23 Haziran seçim mi, "seferberlik" mi?..

Demokrasiye ağır bir darbe vurulacağı ve 6 Mayıs'taki hukuk rezaletinin yaşanacağı çok önceden öngörülüyordu aslında...

Kimse kendini kandırmasın; İstanbul gibi devasa bir metropolü ve en önemlisi de bir siyasi "güç" kaynağını elinden kaçırmayacağı belliydi AKP'nin...

Ve yine kimse kendini oyalamasın ki, Ekrem İmamoğlu, AKP'li Binali Yıldırım'a 300 bin oy farkla atsaydı da sonuç değişmeyecekti!!!

Yani "iptal" gerekçesi "oy farkı"ndan kaynaklanmıyor 31 Mart için!.. AKP, kendi düzenlediği "sandık kurullarının oluşturulmasında usulsüzlük" olduğunu iddia ederek seçimi "iptal" ettirdiği için, oy farkı yüksek olsaydı da halk iradesine taarruz edilecekti...

Çünkü 6 Mayıs'taki "hukuk skandalı" da gösterdi ki, adında "adalet" olan AKP demokrasiye zerre kadar inanmıyor...
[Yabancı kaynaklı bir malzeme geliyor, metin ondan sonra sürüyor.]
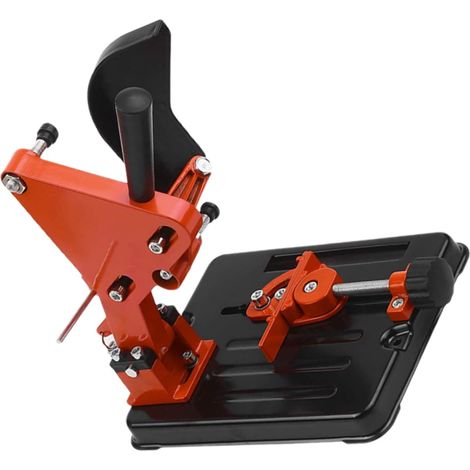 1 jeu de supports de meuleuse d'angle, supports de coupe pratiques et stables pour ateliers et bricolage, compatibles avec différents modèles de meuleuses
Velhasıl, halkın kararına saygı duymayan zihniyetler, "minareyi çalan kılıfı hazırlar" stratejisini önlerine koyarak siyaseti bürokrasi üzerinde baskıya dönüştürdüler ve sonuçta İstanbul CHP'nin elinden adeta zorla alındı...

Evet; yine de kimse yılgınlığa düşmesin, kimse "CHP seçimi bir daha kazanırsa yine iptal edilir" iddiasıyla sakın ola rehavete kapılmasın ve demokrasinin içerisindeki en büyük mücadele alanı olan sandık üzerinde hesaplarını yapmaya çalışsın...

Sandığa sahip çıkarak- sarılarak, kitleleri sandığa yönelterek, gaflete düşenleri uyararak, gitmeyenleri zorlayarak ve kararsızların oy kullanmasını sağlamaya çalışarak hedefe yürüsün herkes...

Yaralansa da hukuk, "demokrasi" içerisinde başka çare yok çünkü...

İmamoğlu'nu büyüten ortam...

6 Mayıs'taki hukuk skandalıyla demokrasiye darbe vurulmasının, iki tarafı keskin bir bıçağı sandık üzerine koyduğu da unutulmamalı...

Aralarında AKP'lilerin de olduğu önemli bir seçmen kesimi YSK'nın kararına öfkelenerek elbette İmamoğlu'ndan taraf duracak...

Ancak propaganda döneminin Ramazan ayına, bayrama, okulların kapanmasına ve tatile denk gelmesi ciddi bir handikap olarak önde dursa da, sevindirici olan gelişmeler de yaşanıyor...

Toplumun her kesiminden seçmenlerin; sağcısı- solcusu ve Doğulusu-Batılısının YSK'nın demokrasiyi tarumar eden kararıyla bilendiğini unutmayalım...

İnsanlar öfkeli, yaşananlar vahim, her kesimden "hak- hukuk -adalet" çığlıkları yükseliyor, halk kazanılmış bir "hak"kın gasp edildiği konusunda endişe içerisinde, yaşananları hayretle izliyor ve tabii ki "hesap sormak" için sandık gününü bekliyor...

İşte bu buhranlı-tepkili ortam AKP'yi ciddi biçimde zorlayacak... Madem hukuk tarumar edildi, "hak"kın yerini bulması için, halk mührü bir kez daha eline alacak ve İmamoğlu'ndan adeta zorla alınan koltuğu asıl sahibine iade etmek için çırpınacak...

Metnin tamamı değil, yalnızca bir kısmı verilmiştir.